== REQUIREMENT ==
Leave the pictures out and reproduce all the entries word for word.

*** Opening of EXCERPTED DATA ***

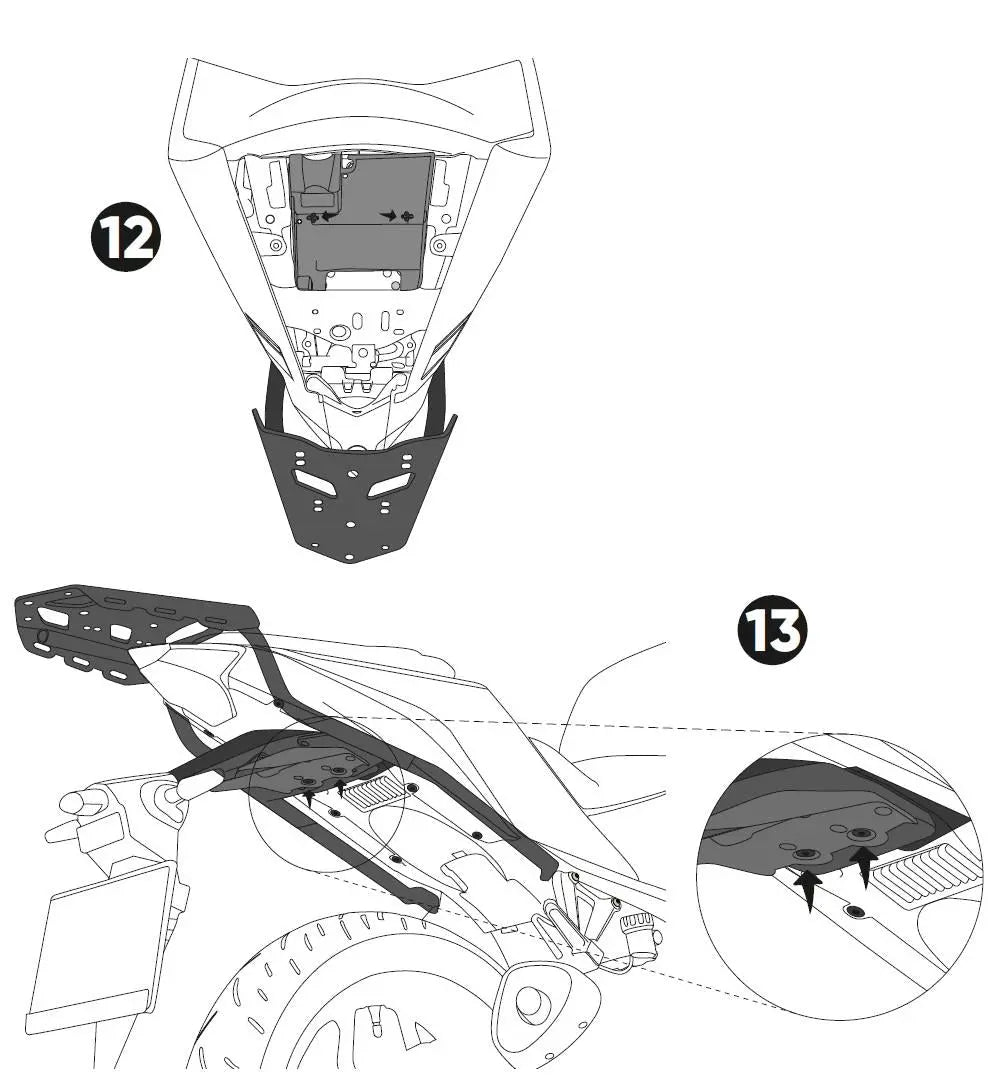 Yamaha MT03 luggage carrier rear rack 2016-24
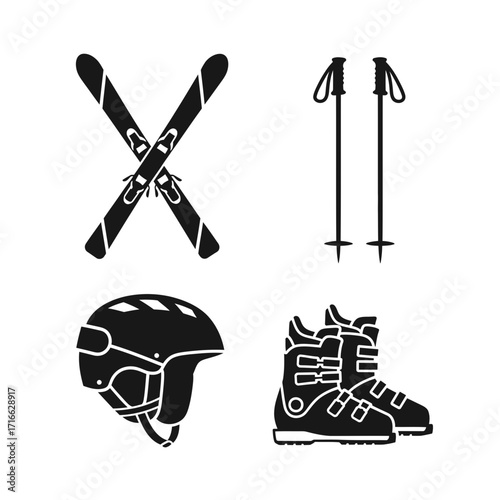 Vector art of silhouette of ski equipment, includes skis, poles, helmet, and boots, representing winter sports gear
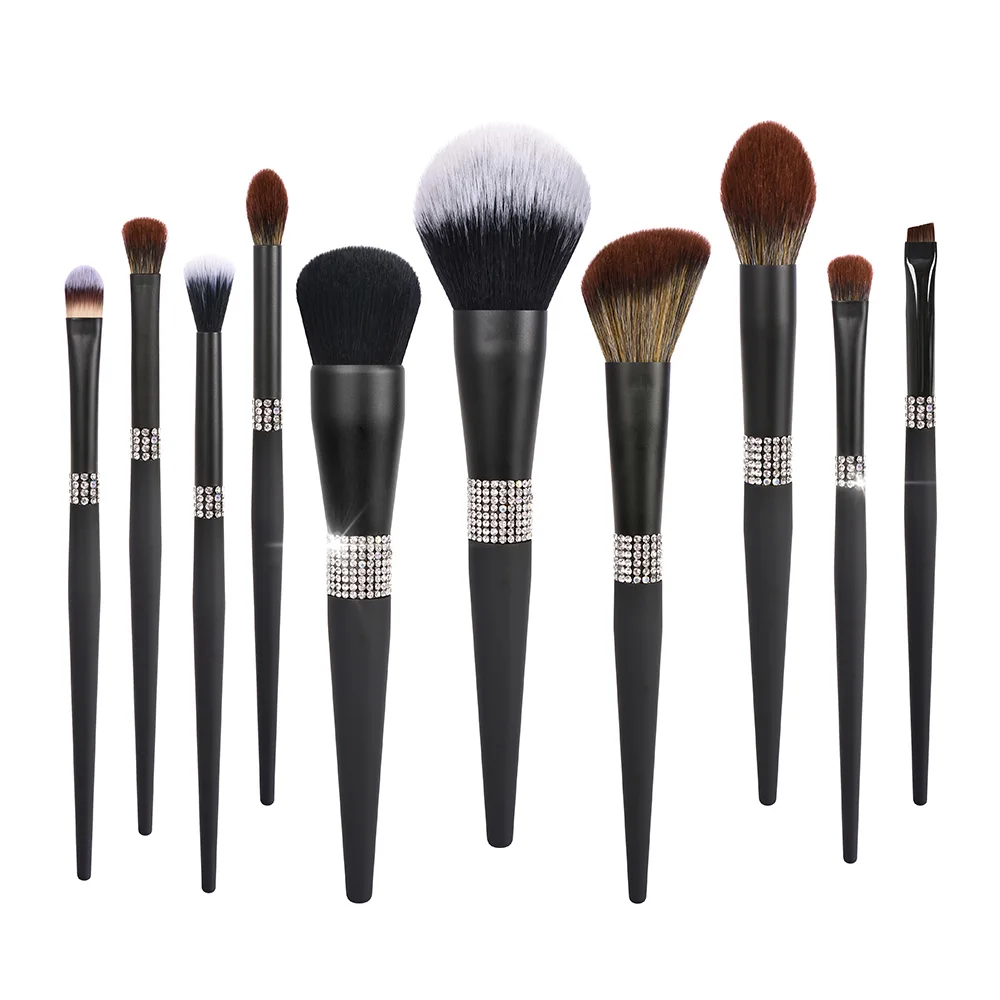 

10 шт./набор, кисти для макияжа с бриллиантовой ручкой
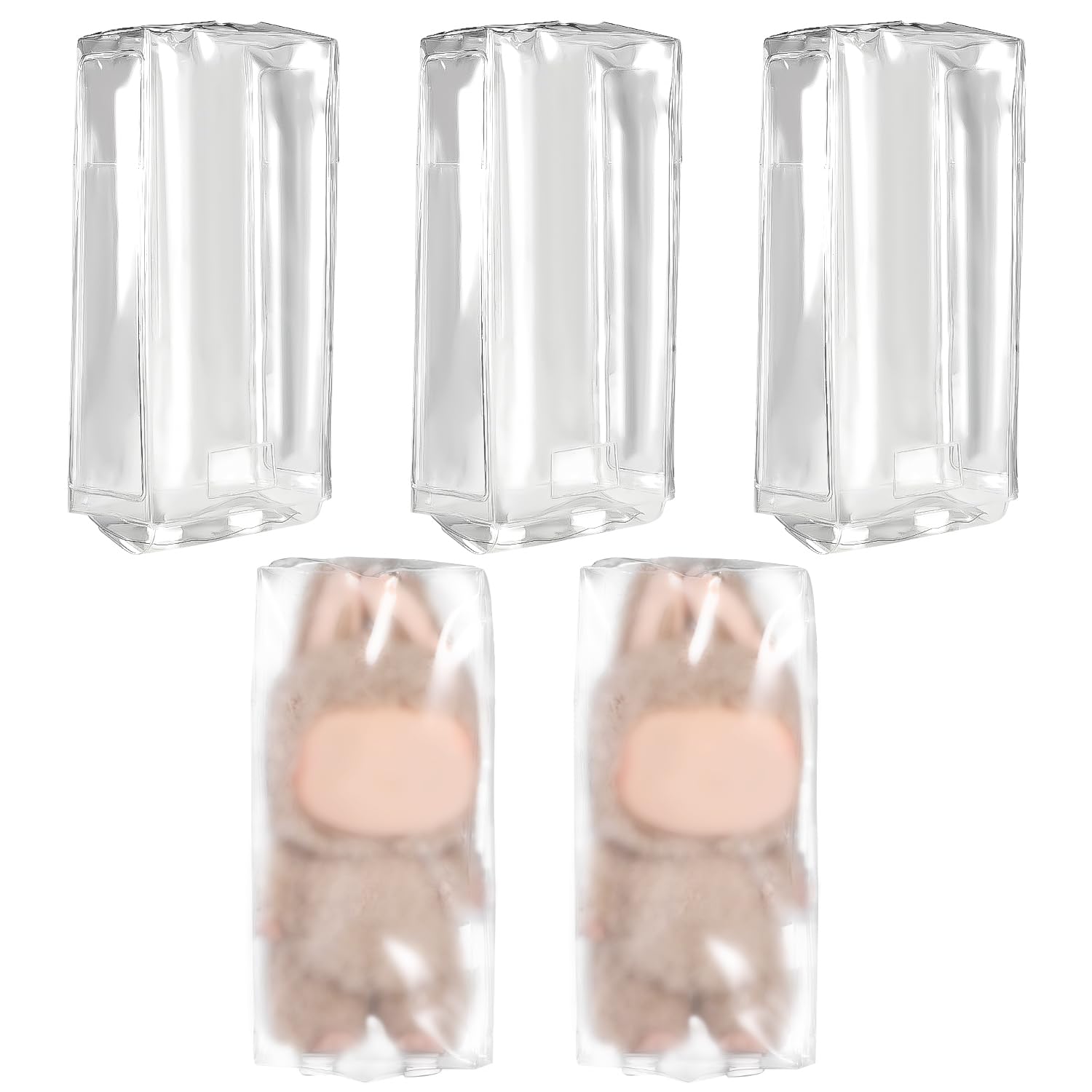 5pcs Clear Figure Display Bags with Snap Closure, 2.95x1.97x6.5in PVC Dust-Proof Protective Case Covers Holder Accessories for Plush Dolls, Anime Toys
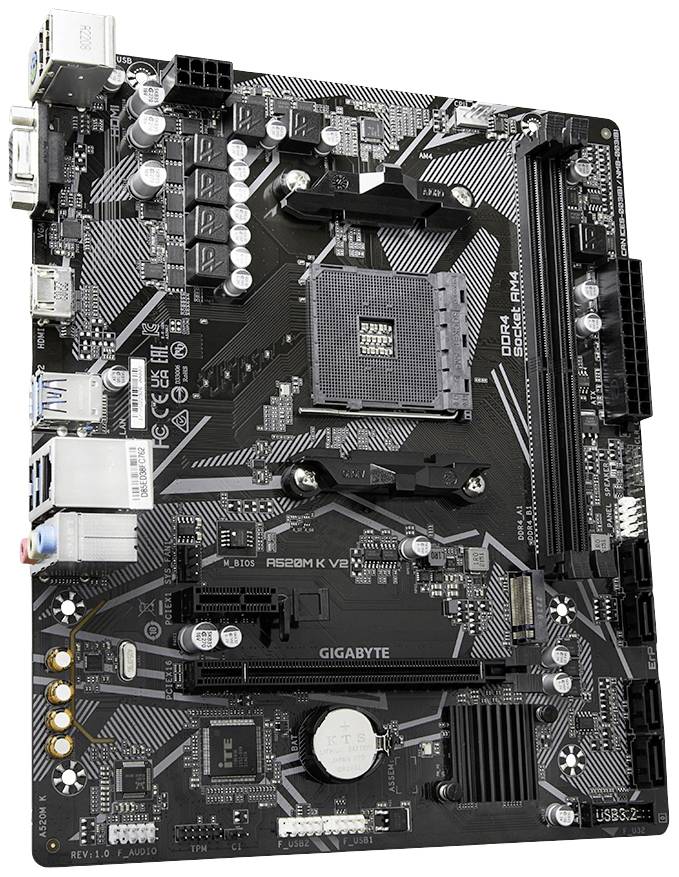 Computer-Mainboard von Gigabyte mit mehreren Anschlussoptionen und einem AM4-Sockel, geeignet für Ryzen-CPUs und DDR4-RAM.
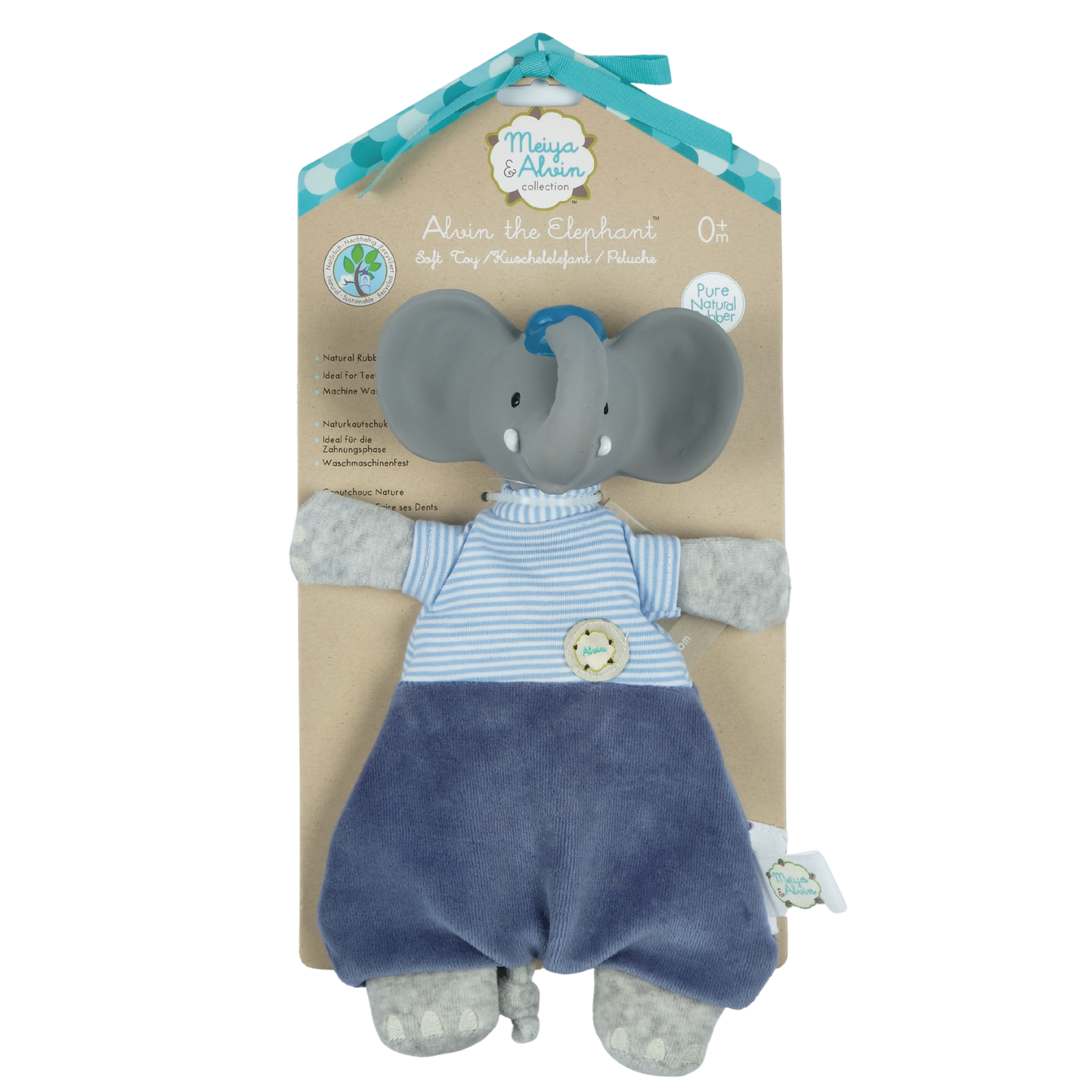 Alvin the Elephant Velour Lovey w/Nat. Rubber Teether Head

*** Close of EXCERPTED DATA ***

== SOLUTION ==
 Yamaha MT03 luggage carrier rear rack 2016-24
 Vector art of silhouette of ski equipment, includes skis, poles, helmet, and boots, representing winter sports gear

10 шт./набор, кисти для макияжа с бриллиантовой ручкой
 5pcs Clear Figure Display Bags with Snap Closure, 2.95x1.97x6.5in PVC Dust-Proof Protective Case Covers Holder Accessories for Plush Dolls, Anime Toys
 Computer-Mainboard von Gigabyte mit mehreren Anschlussoptionen und einem AM4-Sockel, geeignet für Ryzen-CPUs und DDR4-RAM.
 Alvin the Elephant Velour Lovey w/Nat. Rubber Teether Head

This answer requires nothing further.